The sexual abuse scandal in Springfield in Massachusetts diocese is a significant episode in the series of Catholic sex abuse cases in the United States.

==Edward Paquette affair==
Although he established the Diocesan Misconduct Commission in response to sexual abuse among the clergy, bishop John Aloysius Marshall accepted Rev. Edward Paquette despite the repeated allegations of child molestation against him. Marshall even said that he was "determined to take the risk of leaving [Paquette] in his present assignment" despite "the demands of...irate parents that 'something be done about this.'"

==Richard R. Lavigne affair==
Richard R. Lavigne was a priest of the Roman Catholic Diocese of Springfield in Massachusetts. Lavigne has been at the center of the Priest Abuse Scandal in the Diocese of Springfield in Massachusetts with about 40 claims of sexual abuse of minors placed against him. The Diocese has paid out large cash settlements to numerous people purported to have been molested by Lavigne. He was removed from ministry by Bishop John A. Marshall in 1991.

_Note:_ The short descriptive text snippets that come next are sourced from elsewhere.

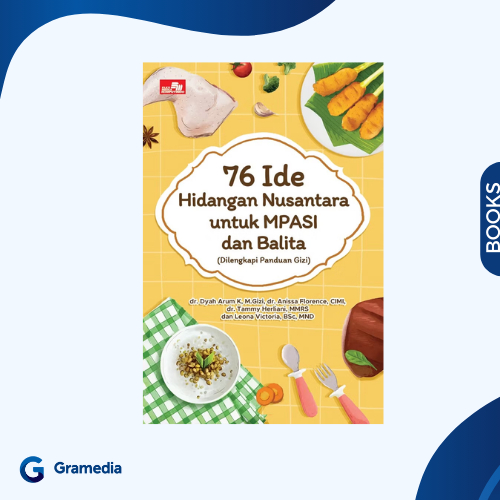 Gramedia Medan - 76 IDE HIDANGAN NUSANTARA UNTUK MPASI DAN BALITA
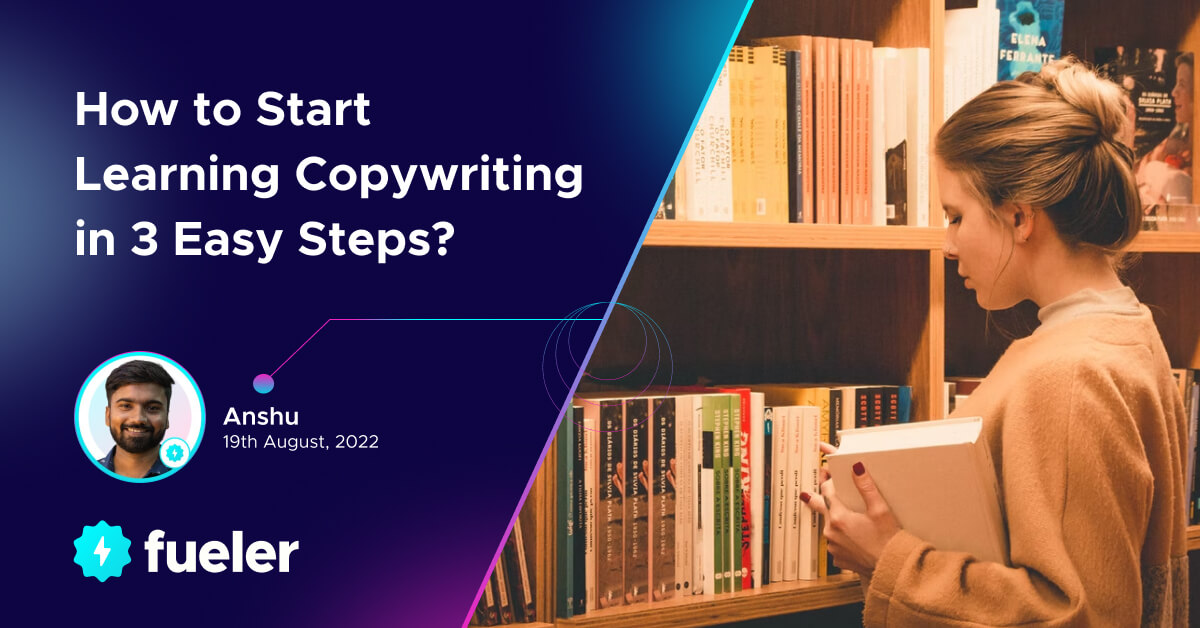 How to Start Learning Copywriting in 3 Easy Steps?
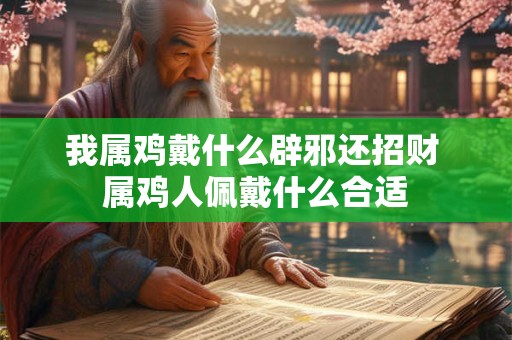 我属鸡戴什么辟邪还招财 属鸡人佩戴什么合适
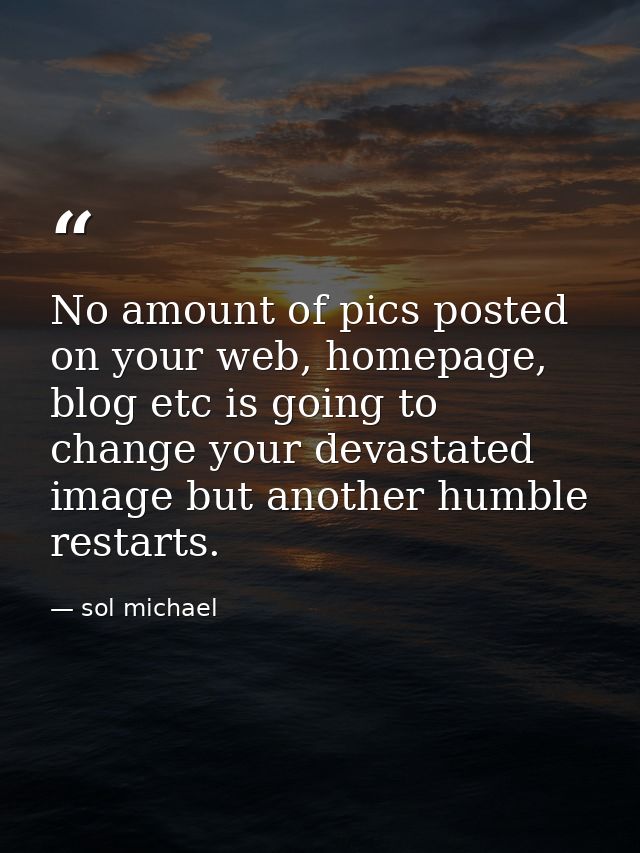 No amount of pics posted on your web, homepage, blog etc is going to change your devastated image but another humble res — sol michael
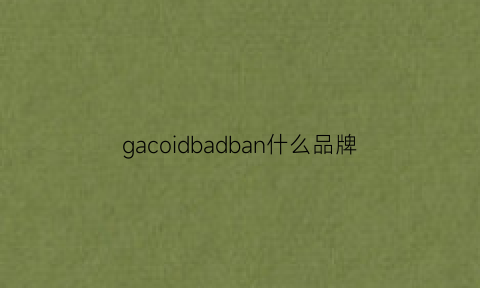 gacoidbadban什么品牌(gad是什么品牌)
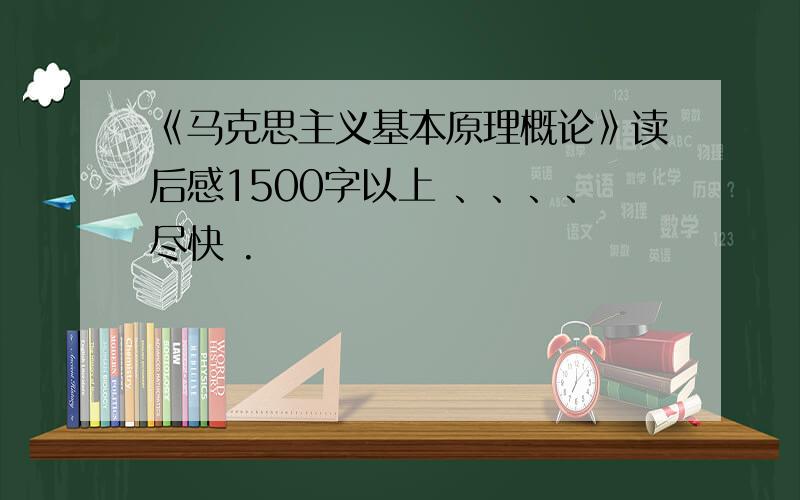 《马克思主义基本原理概论》读后感1500字以上 、、、、尽快 .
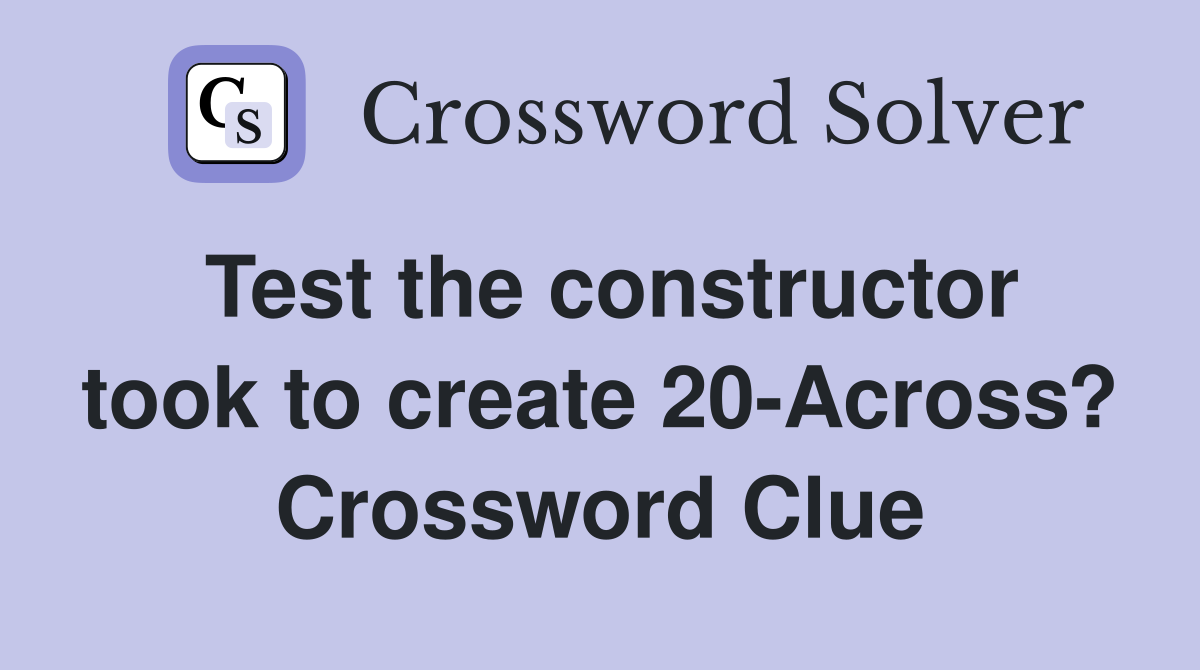 Test the constructor took to create 20 Across? Crossword Clue Answers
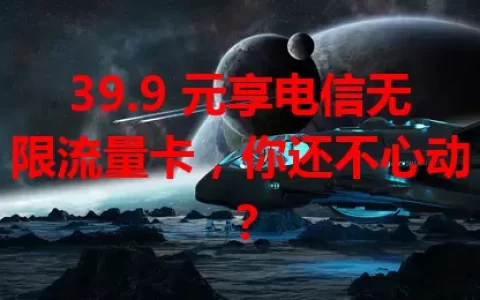 39.9 元享电信无限流量卡，你还不心动？
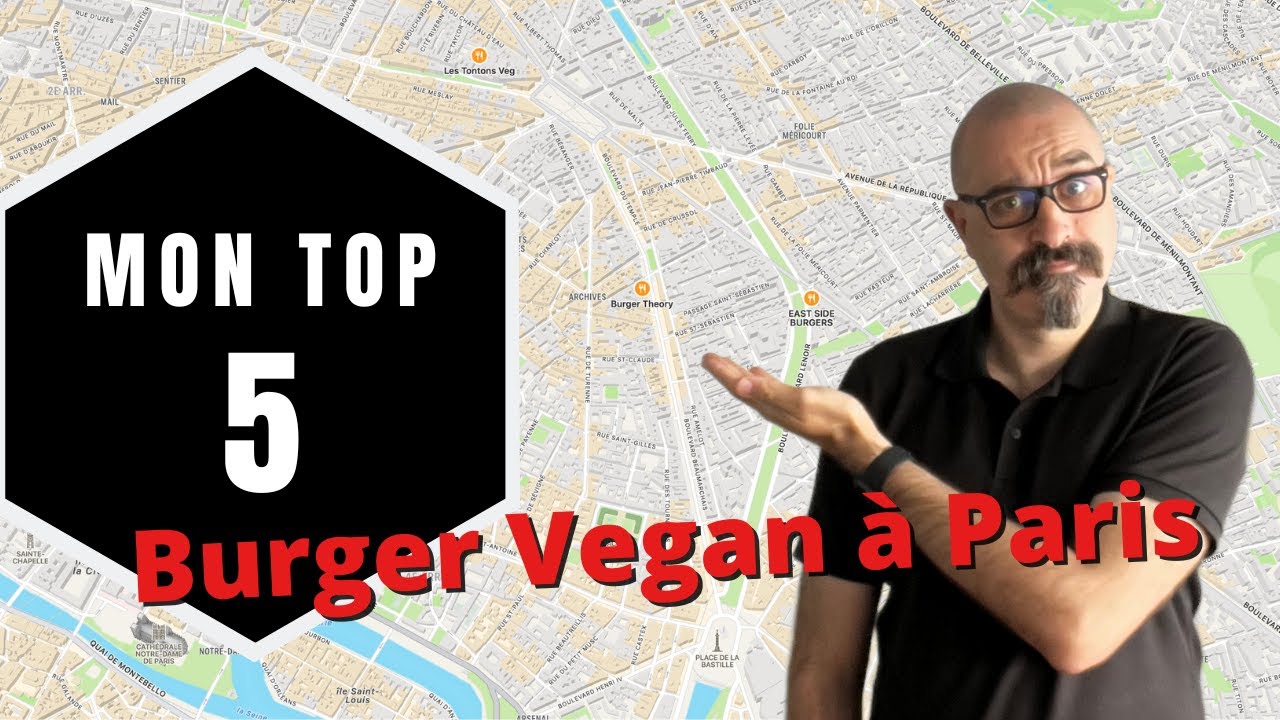 Mon TOP 5 du Burger Vegan à Paris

==Thomas Ludger Dupré affair==
After thirteen years as Bishop, Thomas Ludger Dupré resigned due to unspecified health reasons on February 11, 2004. His resignation came one day after The Springfield Republican confronted him with accusations of sexual abuse from two men who had known Dupré when he was a parish priest and they were altar boys. Dupre was also accused by local clergy of covering up abuse charges against other priests, including Richard R. Lavigne.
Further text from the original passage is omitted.